### Items from a dataset
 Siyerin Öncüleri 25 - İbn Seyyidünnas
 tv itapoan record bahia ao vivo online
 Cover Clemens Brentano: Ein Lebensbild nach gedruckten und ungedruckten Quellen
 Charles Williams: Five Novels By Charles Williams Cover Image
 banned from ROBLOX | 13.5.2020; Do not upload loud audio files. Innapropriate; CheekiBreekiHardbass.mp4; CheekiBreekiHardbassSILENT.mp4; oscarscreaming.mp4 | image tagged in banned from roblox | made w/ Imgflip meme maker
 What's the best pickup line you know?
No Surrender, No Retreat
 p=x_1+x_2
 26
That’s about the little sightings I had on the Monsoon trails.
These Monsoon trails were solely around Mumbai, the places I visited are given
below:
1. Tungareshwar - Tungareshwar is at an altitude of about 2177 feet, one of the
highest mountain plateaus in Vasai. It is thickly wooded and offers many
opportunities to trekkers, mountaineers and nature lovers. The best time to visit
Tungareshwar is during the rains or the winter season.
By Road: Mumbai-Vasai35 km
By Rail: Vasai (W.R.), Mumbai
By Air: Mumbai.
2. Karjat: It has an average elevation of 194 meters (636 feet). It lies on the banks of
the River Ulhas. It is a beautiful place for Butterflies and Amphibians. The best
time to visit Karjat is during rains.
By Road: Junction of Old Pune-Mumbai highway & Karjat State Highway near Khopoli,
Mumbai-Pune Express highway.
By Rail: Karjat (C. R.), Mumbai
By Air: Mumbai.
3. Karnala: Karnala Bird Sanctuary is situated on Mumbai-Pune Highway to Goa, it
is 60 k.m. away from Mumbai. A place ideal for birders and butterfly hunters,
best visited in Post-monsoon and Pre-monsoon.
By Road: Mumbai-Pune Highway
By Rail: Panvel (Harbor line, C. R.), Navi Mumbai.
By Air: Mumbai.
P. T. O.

### Problem statement
Reproduce each line, exactly as it appears, from the one that contains "time to visit Karjat is during rains." through the last line of the records. Add no other lines.

### Task output
time to visit Karjat is during rains.
By Road: Junction of Old Pune-Mumbai highway & Karjat State Highway near Khopoli,
Mumbai-Pune Express highway.
By Rail: Karjat (C. R.), Mumbai
By Air: Mumbai.
3. Karnala: Karnala Bird Sanctuary is situated on Mumbai-Pune Highway to Goa, it
is 60 k.m. away from Mumbai. A place ideal for birders and butterfly hunters,
best visited in Post-monsoon and Pre-monsoon.
By Road: Mumbai-Pune Highway
By Rail: Panvel (Harbor line, C. R.), Navi Mumbai.
By Air: Mumbai.
P. T. O.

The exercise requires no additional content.